Pop Quiz: If Skype=Hype, Then Facebook=?

Do you need me to draw you the bright straight line from Skype to Facebook or can you see it all by yourself?

facebookskype

OK, for those who refuse to live in a little place I like to call reality, let’s review the news coming out of eBay yesterday regarding its 2005 acquisition of Skype for the then unheard-of price of $2.6 billion.

The Internet auction giant declared the purchase of the once hot online telephone start-up a dud yesterday, taking an asset-impairment charge of $1.43 billion for the deal.

In addition, Skype founder and CEO Niklas Zennström was out. The move, said eBay in a filing, represented “updated long-term financial outlook for Skype.”

Quickie translation: Major buyer’s remorse.

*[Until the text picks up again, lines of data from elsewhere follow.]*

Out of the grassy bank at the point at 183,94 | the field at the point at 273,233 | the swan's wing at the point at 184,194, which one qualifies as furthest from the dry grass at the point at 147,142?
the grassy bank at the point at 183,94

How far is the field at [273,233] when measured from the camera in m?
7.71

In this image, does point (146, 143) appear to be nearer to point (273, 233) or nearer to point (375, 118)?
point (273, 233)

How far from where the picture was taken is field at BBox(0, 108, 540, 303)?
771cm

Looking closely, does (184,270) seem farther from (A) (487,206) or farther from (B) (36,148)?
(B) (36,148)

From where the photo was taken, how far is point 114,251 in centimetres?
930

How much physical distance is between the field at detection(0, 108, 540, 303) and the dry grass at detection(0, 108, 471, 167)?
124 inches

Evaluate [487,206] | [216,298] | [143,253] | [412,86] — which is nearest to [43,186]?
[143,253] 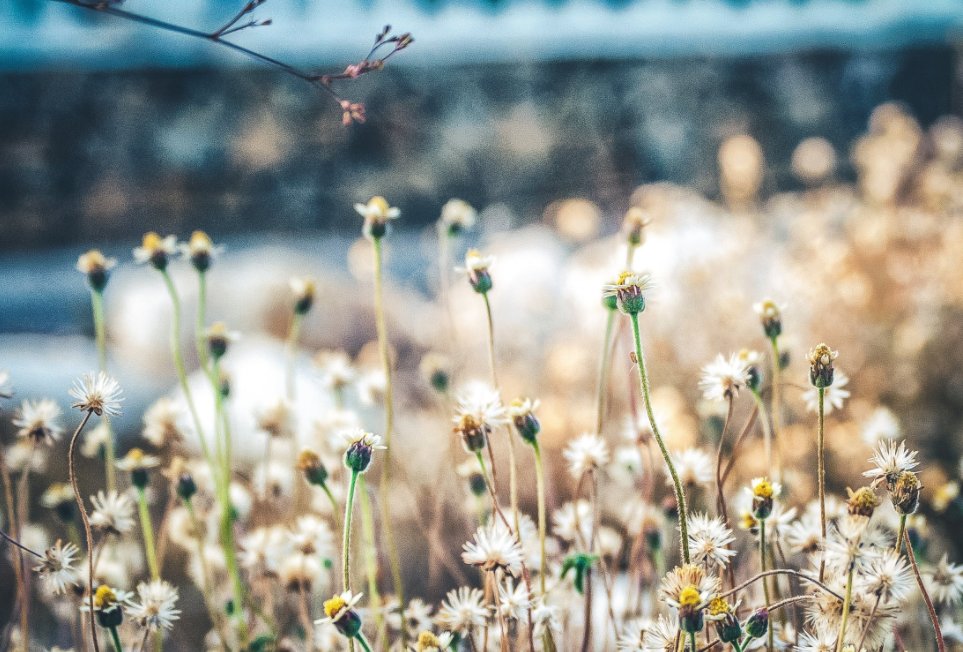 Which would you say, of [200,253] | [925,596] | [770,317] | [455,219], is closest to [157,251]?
[200,253]

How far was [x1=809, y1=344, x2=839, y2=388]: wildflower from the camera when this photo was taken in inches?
18.5

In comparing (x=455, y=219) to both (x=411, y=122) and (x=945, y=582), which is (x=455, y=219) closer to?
(x=945, y=582)

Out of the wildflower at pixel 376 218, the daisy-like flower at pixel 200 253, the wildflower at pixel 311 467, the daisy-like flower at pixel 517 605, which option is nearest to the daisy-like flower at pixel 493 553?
the daisy-like flower at pixel 517 605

While Zennström said he was “proud” of Skype’s performance of late (it has grown its users and revenue), the fact of the matter is eBay could not spin straw into gold with the acquisition and make the kind of money its lofty economics required for the once-hot VOIP leader. Thus, eBay only had to also fork over one-third of its $1.7 billion payout to investors, too.

While many were saying all this was due to who bought Skype–maybe it was eBay’s fault and other potential acquirers could have done better–Skype was once thought of as a giant killer in the telephony world, with many going on and on about its vast potential.

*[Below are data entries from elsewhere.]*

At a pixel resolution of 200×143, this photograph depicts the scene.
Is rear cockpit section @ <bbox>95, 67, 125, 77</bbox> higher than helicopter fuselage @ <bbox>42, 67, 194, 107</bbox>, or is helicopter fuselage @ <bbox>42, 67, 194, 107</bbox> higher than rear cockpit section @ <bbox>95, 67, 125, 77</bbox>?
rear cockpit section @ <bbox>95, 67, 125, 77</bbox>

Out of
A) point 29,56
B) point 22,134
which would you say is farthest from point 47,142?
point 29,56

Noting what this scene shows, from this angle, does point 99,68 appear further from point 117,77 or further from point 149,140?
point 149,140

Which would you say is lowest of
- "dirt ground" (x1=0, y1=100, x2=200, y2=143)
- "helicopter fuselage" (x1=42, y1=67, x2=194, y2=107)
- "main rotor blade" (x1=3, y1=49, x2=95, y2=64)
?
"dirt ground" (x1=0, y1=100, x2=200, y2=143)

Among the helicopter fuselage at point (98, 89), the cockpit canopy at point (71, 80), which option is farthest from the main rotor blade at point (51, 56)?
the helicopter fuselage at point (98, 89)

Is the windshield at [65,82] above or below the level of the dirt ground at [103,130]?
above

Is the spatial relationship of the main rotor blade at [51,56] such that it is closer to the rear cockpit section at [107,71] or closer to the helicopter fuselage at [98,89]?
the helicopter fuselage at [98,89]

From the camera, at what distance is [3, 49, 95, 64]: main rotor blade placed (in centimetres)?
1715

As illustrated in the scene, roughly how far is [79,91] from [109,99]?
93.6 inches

Sound familiar? Before Facebook sky-high valuation fans go nuts, I know there is a difference between the economics of a Web phone service and that of an ad-based, possibly target-rich interactive online environment.

But there was an awful lot of hype, I mean, hope back in 2005 that Skype could easily turn into a massive moneymaker by selling a wide range of goods and services beyond its core Internet calls offering.

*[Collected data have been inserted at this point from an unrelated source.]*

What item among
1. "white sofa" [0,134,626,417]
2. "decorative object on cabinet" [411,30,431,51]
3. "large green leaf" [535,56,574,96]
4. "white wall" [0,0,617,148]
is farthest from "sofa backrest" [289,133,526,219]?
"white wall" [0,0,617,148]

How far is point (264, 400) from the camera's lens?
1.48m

Because advertisers and other services could target its motivated and highly trackable users, went the story, that meant the possibility of ladling on more revenue and profits.

In fact, by leveraging Skype’s exploding popularity, eBay had hoped to add premium offerings like conference calls and links to its own vast networks of sellers on its flagship auction site. There was a user-generated Yellow Pages and even an offering called Skype Prime that allowed callers to charge a variety of services.

All good ideas that just did not pan out with quite the results expected, all directly due to the exorbitant sum overpaid for Skype.

Revenues for Skype were only $90 million in the most recent quarter (out of eBay’s overall $1.83 billion), despite its adding 75 million more users since the acquisition to total 220 million.

As I wrote about Facebook’s talks with a variety of investors that value it at upward of $10 billion, Skype was a story about the difference between potential and actual when faced with the real-world difficulties of making a popular Web site into a truly profitable and sustainable business.

raincloudparade

I am not sure how I managed to get to be the little rain cloud at the Facebook parade, but the simple act of questioning the possibility that it might not make the kind of money its cheerleaders envision, especially in light of the Skype write-down, seems prudent.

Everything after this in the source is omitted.